> _Your instructions_: From the entries below, copy exactly the lines from the one that contains "a display of" through the one that contains "Ole Miss backup", both included, and only those.

──────── Information

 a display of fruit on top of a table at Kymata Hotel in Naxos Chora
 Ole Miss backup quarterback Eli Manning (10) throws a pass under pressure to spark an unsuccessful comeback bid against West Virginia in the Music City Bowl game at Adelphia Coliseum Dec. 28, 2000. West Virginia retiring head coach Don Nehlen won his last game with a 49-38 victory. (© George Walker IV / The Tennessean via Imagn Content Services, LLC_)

────────────────
──────── Information

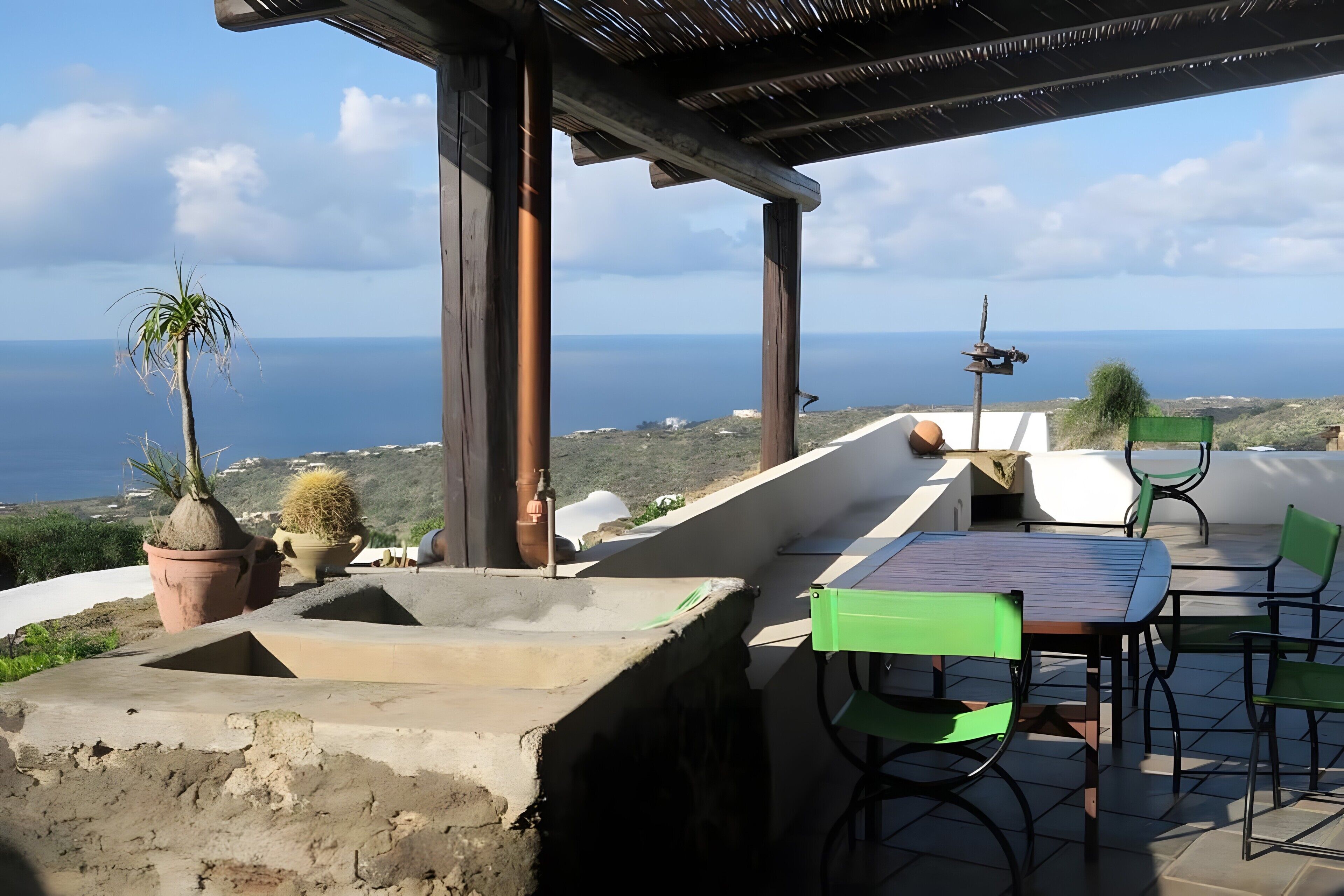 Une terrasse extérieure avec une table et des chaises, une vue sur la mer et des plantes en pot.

────────────────
──────── Information

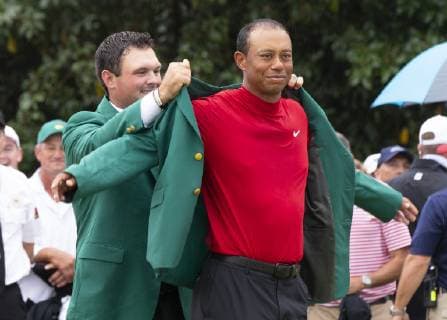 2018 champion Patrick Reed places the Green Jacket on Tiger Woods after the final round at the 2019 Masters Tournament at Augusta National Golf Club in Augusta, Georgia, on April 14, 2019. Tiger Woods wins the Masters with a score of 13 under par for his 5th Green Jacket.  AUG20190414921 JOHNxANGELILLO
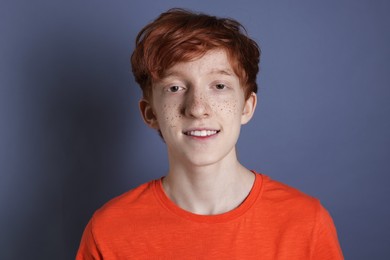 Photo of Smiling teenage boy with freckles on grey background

────────────────

> _Response area_:
 a display of fruit on top of a table at Kymata Hotel in Naxos Chora
 Ole Miss backup quarterback Eli Manning (10) throws a pass under pressure to spark an unsuccessful comeback bid against West Virginia in the Music City Bowl game at Adelphia Coliseum Dec. 28, 2000. West Virginia retiring head coach Don Nehlen won his last game with a 49-38 victory. (© George Walker IV / The Tennessean via Imagn Content Services, LLC_)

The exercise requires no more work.